«Le Christ, ce rebelle dressé contre toutes les injustices»

Bienne: Le «curé des loubards», Guy Gilbert, a fait son show

Bienne, 25 mars 2012 (Apic) Le Père Guy Gilbert, le «curé des loubards», a fait salle comble le 24 mars 2012, à la Maison Calvin à Bienne. Lors d’une conférence publique, le prêtre français a évoqué avec sensibilité et humour son parcours de vie et le sens de sa mission en faveur des gosses de la rue.

«Soyez les combattants de l’amour et de la justice!», a lancé le Père Guy Gilbert à l’assemblée. C’est un Père Gilbert en grande forme – il se rit de ses 77 ans – qui a littéralement hypnotisé plusieurs centaines de personnes, le 24 mars au soir à la Maison Calvin de Bienne, lors d’une conférence publique organisée par l’association évangélique «Rue à Cœur». Celle-ci œuvre en faveur des marginaux de la capitale seelandaise.

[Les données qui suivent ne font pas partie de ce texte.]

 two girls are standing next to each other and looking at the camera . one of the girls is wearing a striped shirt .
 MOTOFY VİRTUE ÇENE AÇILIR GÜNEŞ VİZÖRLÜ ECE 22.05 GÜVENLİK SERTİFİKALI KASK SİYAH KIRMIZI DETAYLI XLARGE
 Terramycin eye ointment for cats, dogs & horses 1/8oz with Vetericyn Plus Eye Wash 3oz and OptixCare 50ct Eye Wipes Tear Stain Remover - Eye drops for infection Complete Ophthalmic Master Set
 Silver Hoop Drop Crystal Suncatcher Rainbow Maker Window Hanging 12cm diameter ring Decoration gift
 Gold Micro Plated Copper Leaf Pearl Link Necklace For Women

Vêtu de son inséparable blouson noir piqueté de badges de motards, longs cheveux gris à la Léo Ferré, installé sur une chaise au milieu d’une scène au décor dépouillé, le «curé des loubards» a fait vibrer, en véritable show man, toute la gamme des sentiments dans un auditoire conquis par le charisme du personnage et son aura médiatique.

Il y a eu l’émotion, au moment de narrer son expérience de vicaire dans l’Algérie des années 60 et sa décision de se consacrer aux jeunes des rues parisiennes, délinquants, drogués ou récidivistes. «Personne n’est perdu, personne n’est irrécupérable», a-t-il souligné. Il y a eu l’effroi, lors de l’évocation du meurtrier fanatisé de Montauban et de Toulouse. «Comment peut-on tuer au nom de Dieu? Il s’agit là de la pire des folies!» Il y a eu le respect, quand il a parlé de sa famille, et notamment de sa mère. «Le souvenir le plus lumineux de ma vie, c’est la tendresse de maman.»

Happés par la société de consommation

Au sommet de ce riche parcours de vie, qu’il décrit avec son langage simple et populaire, entrecoupé de délicieuses piques humoristiques, trône une certitude que Guy Gilbert martèle avec une puissance assourdissante: «L’amour vainc tout. Absolument tout!»

Cet amour dont il a joui en abondance au sein du cocon familial, à Rochefort-sur-Mer, dans l’ouest de la France, le religieux le transmet aux jeunes en perdition. Il les héberge à la Bergerie de Faucon, un lieu d’accueil et de réinsertion ouvert en Provence il y a près de quarante ans. «Les jeunes ont un immense besoin d’être écoutés. Et ils ont également besoin d’adultes référents, d’amour parental», a expliqué le Père Gilbert.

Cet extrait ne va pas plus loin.